### Dataset records
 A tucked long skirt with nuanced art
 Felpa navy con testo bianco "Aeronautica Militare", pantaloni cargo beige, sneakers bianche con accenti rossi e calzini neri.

--

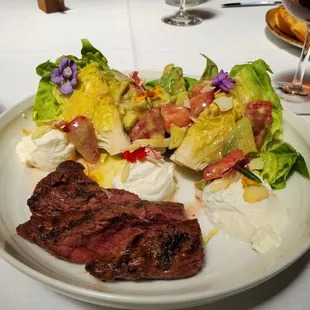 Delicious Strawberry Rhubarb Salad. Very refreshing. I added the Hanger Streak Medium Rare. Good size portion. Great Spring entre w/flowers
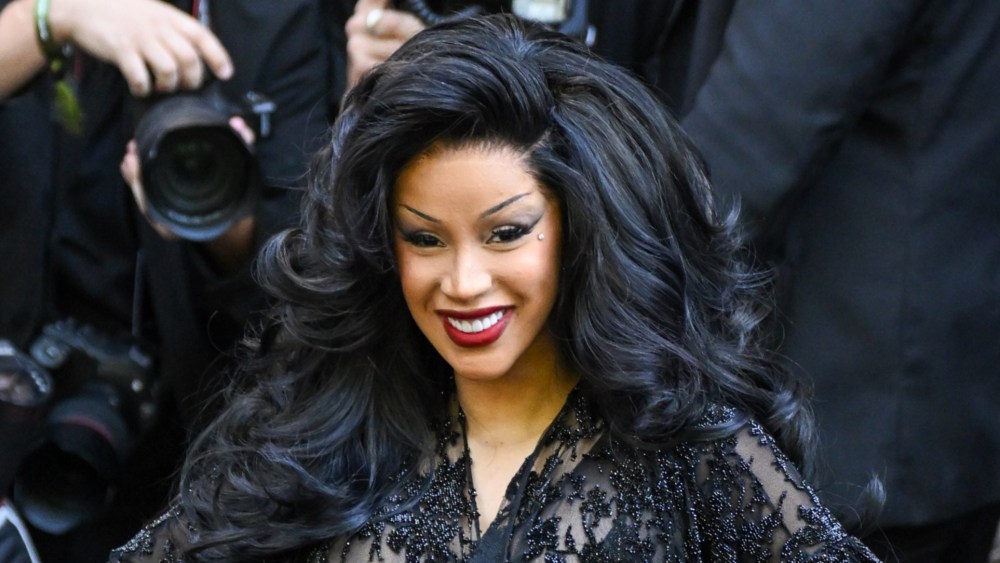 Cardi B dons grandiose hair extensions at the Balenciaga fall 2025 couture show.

### Task instructions
Of the lines above, retype only those from the line containing "A tucked long skirt with nuanced art" through the line containing "Felpa navy con", including both, exactly.

### Output below
 A tucked long skirt with nuanced art
 Felpa navy con testo bianco "Aeronautica Militare", pantaloni cargo beige, sneakers bianche con accenti rossi e calzini neri.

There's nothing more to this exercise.